# Exercise goal
Exactly the lines from the start of the entries through the line with "7 argumentos que" are required in the output, with no pictures among them.

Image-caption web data

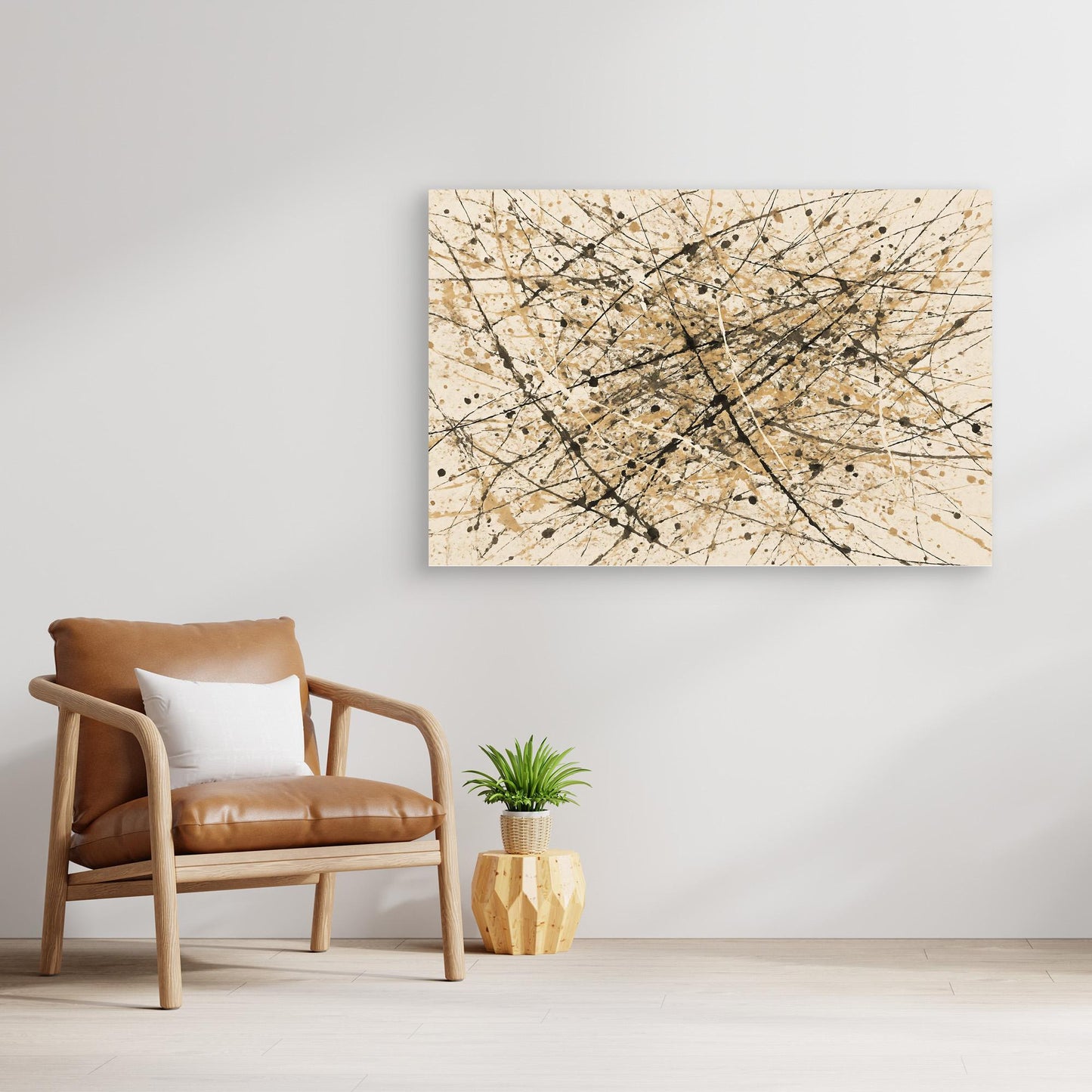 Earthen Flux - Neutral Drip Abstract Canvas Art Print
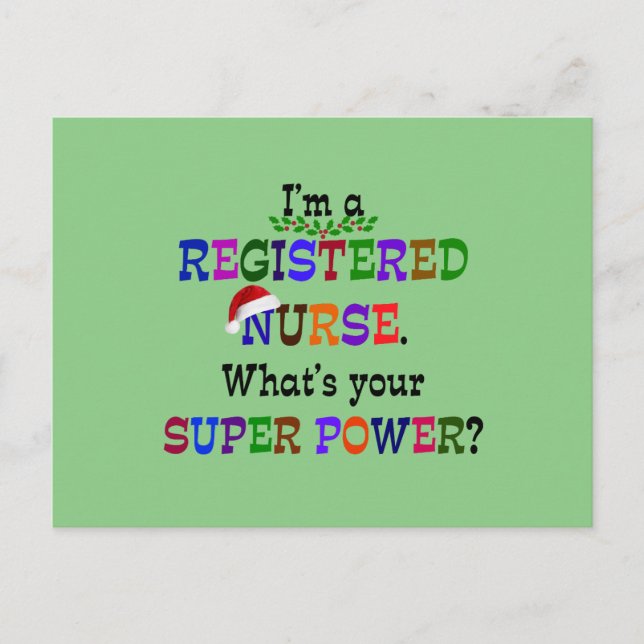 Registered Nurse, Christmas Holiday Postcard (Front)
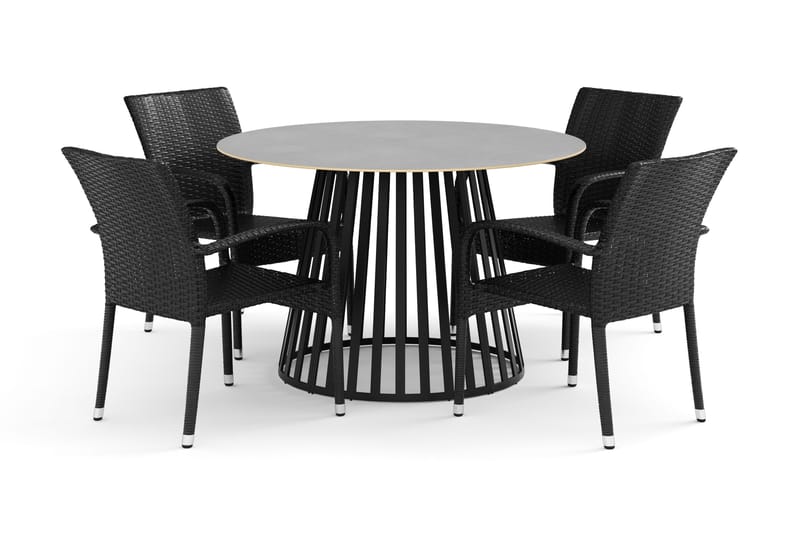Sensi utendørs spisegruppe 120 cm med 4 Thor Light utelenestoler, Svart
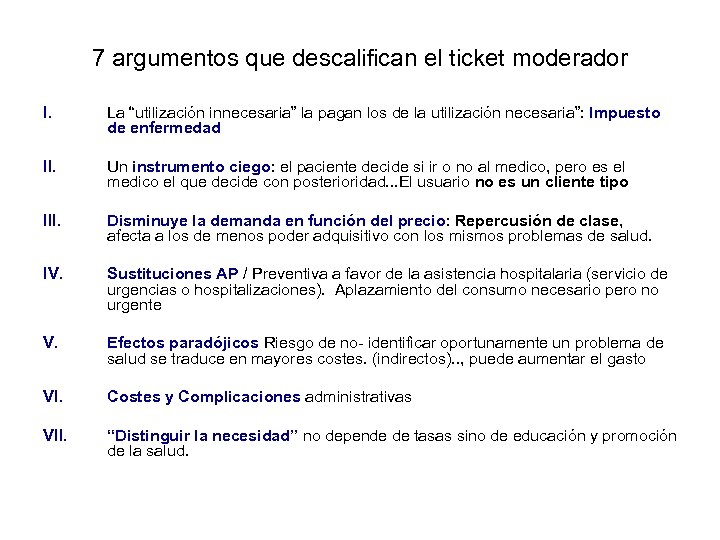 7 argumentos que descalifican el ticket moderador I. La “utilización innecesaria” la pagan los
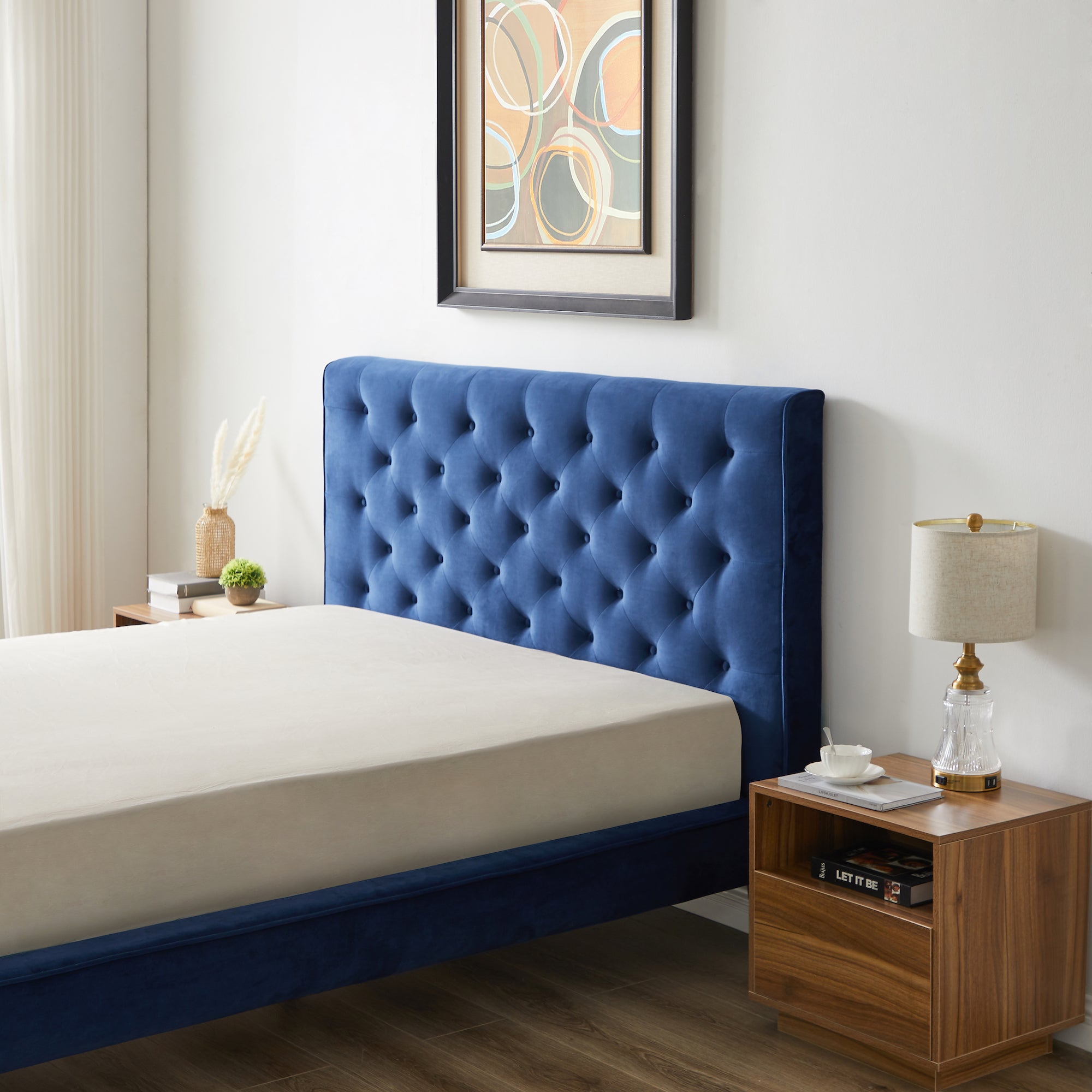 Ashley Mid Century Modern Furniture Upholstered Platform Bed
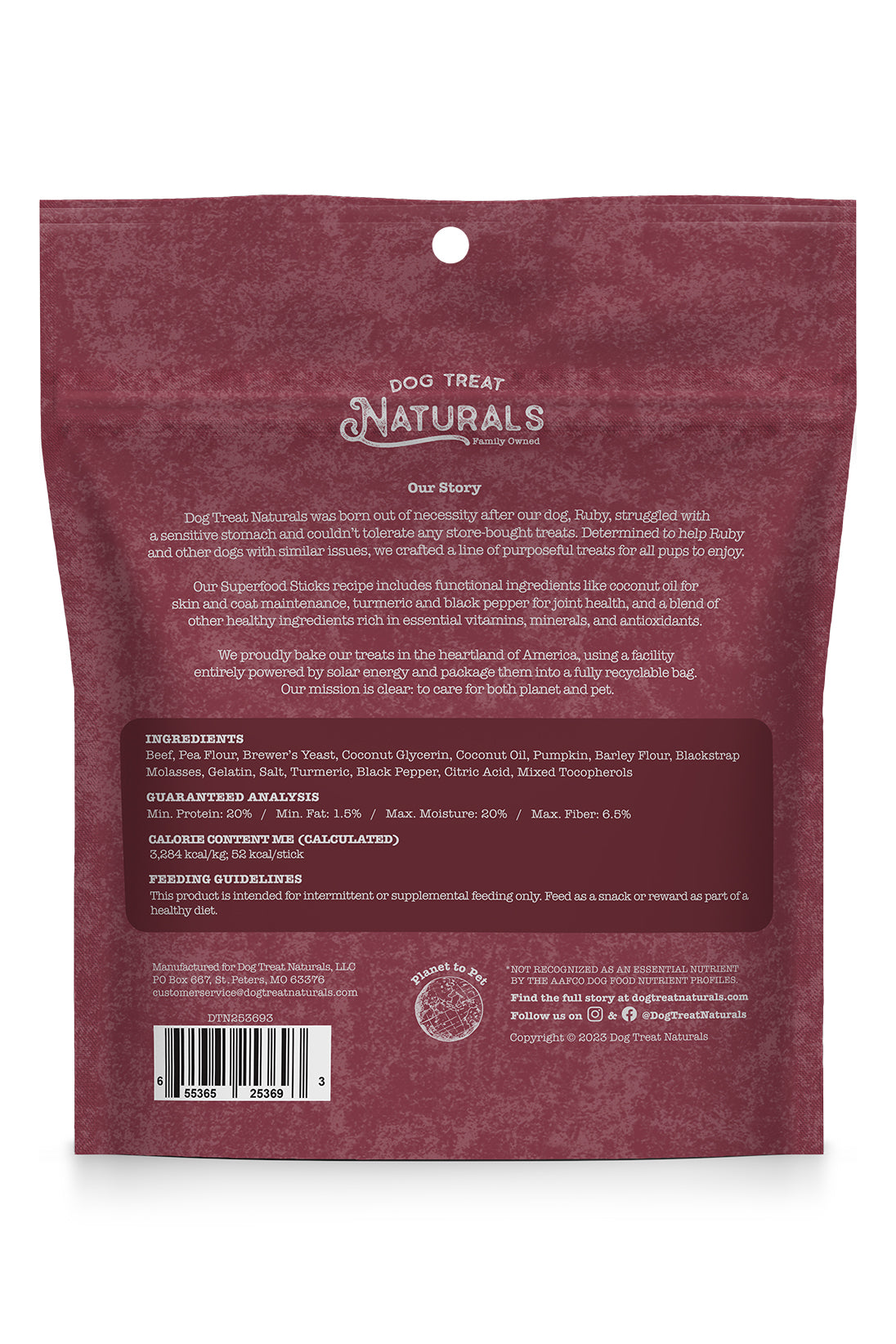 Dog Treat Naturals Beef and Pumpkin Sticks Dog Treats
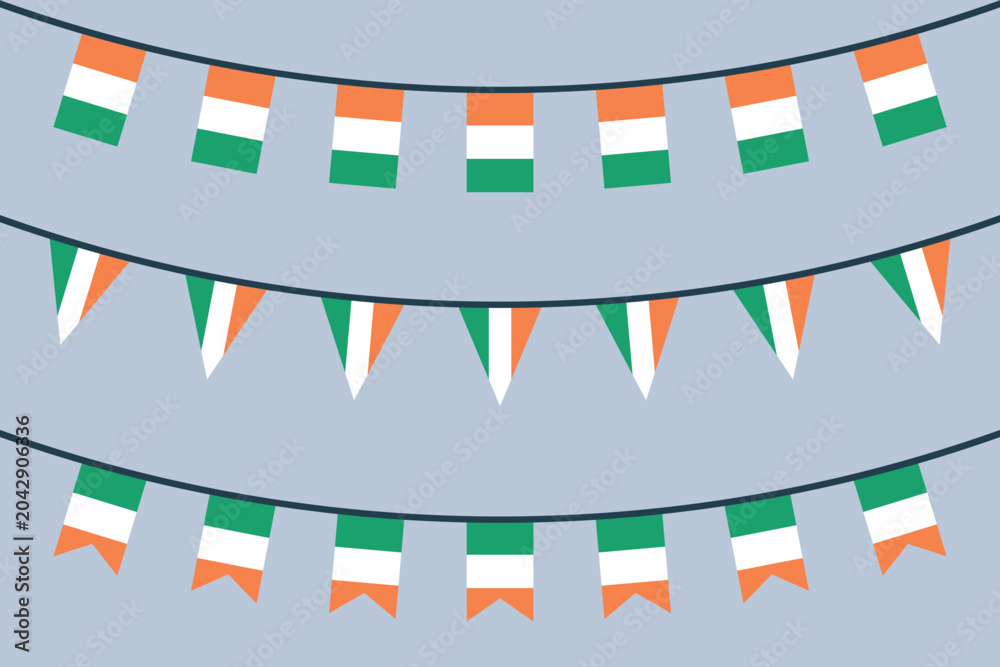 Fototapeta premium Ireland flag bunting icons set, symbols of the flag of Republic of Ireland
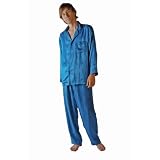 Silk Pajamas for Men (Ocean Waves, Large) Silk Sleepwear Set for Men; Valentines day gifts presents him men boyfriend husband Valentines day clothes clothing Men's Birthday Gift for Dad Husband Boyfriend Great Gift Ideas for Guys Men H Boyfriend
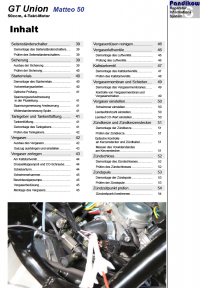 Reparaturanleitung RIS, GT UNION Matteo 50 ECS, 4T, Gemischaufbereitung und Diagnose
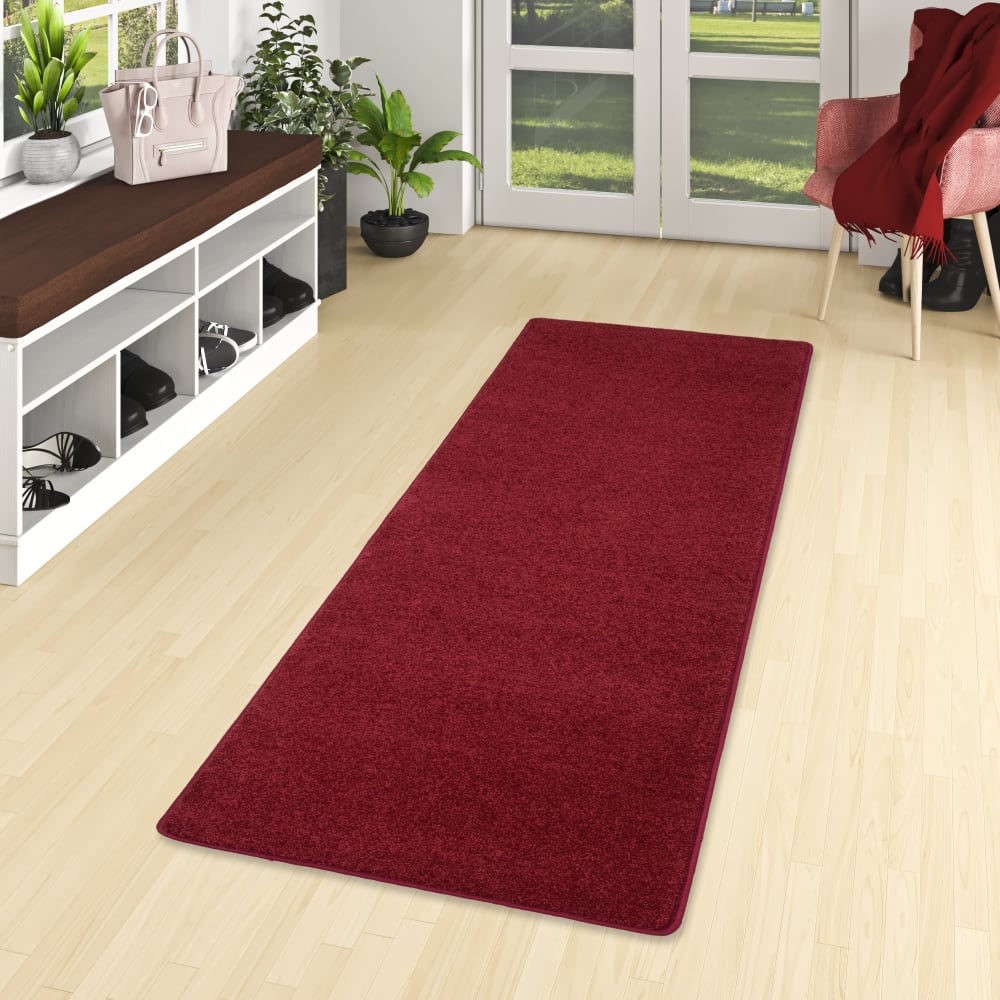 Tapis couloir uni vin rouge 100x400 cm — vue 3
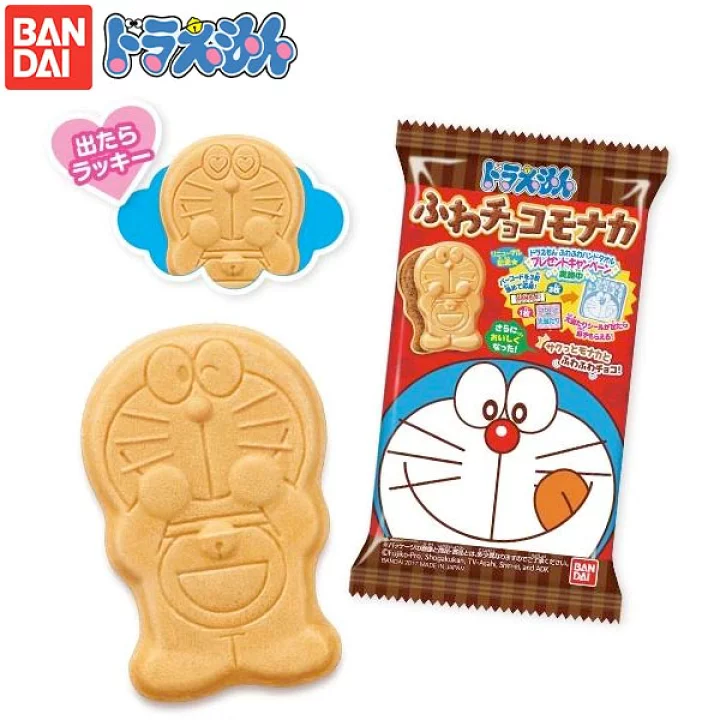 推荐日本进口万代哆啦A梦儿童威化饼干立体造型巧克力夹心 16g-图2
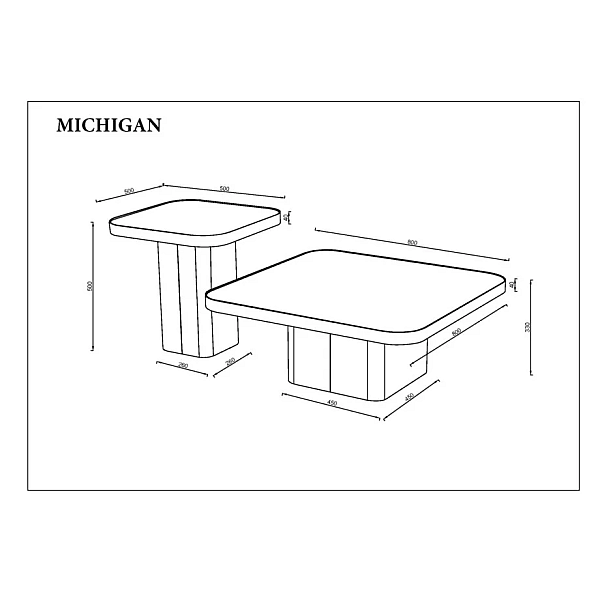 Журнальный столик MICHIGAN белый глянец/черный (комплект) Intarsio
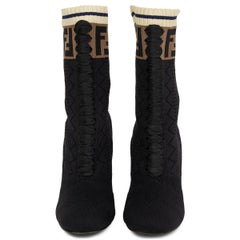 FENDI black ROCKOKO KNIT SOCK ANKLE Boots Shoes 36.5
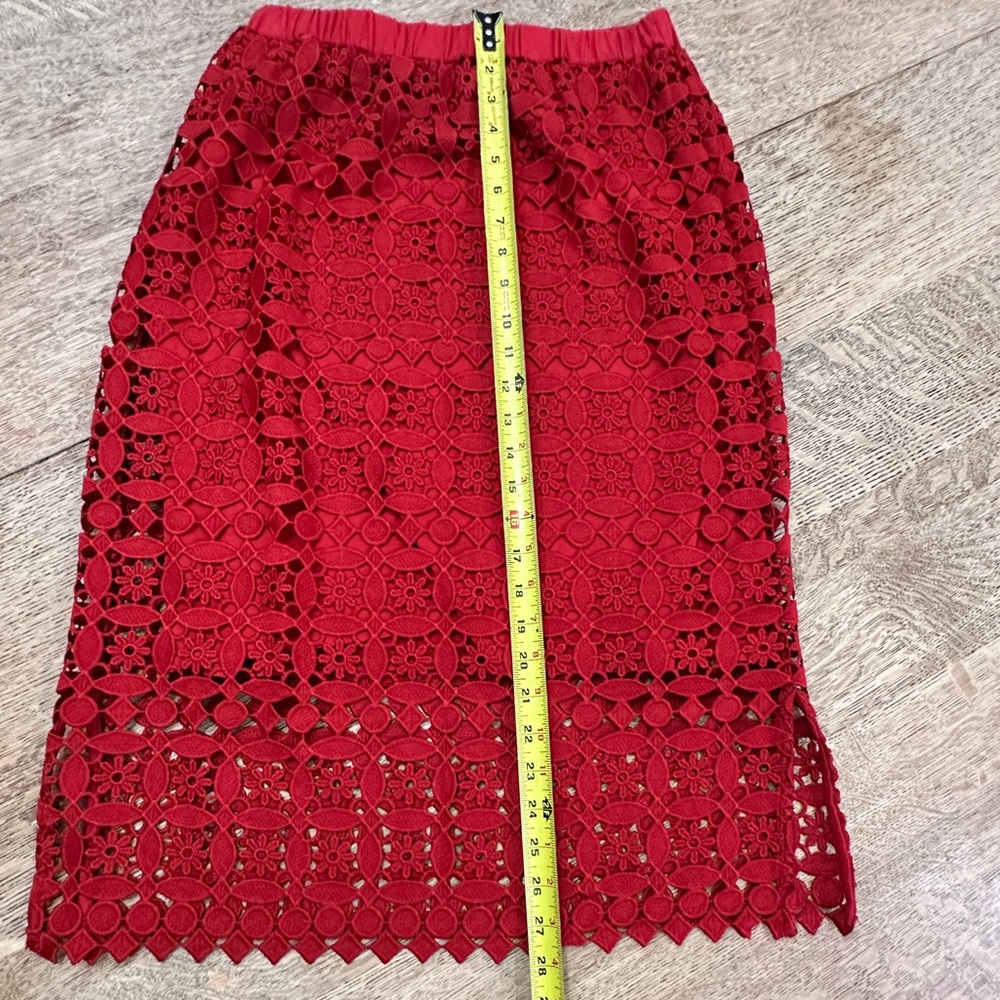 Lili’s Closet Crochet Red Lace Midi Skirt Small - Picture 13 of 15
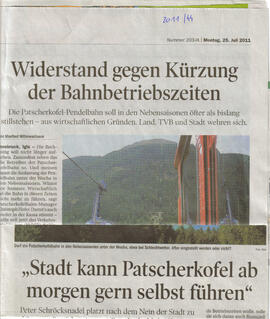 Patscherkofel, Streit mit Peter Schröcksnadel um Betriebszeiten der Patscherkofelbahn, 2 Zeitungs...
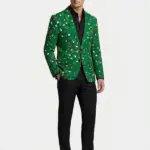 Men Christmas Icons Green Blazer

# Result of this exercise
 Earthen Flux - Neutral Drip Abstract Canvas Art Print
 Registered Nurse, Christmas Holiday Postcard (Front)
Sensi utendørs spisegruppe 120 cm med 4 Thor Light utelenestoler, Svart
 7 argumentos que descalifican el ticket moderador I. La “utilización innecesaria” la pagan los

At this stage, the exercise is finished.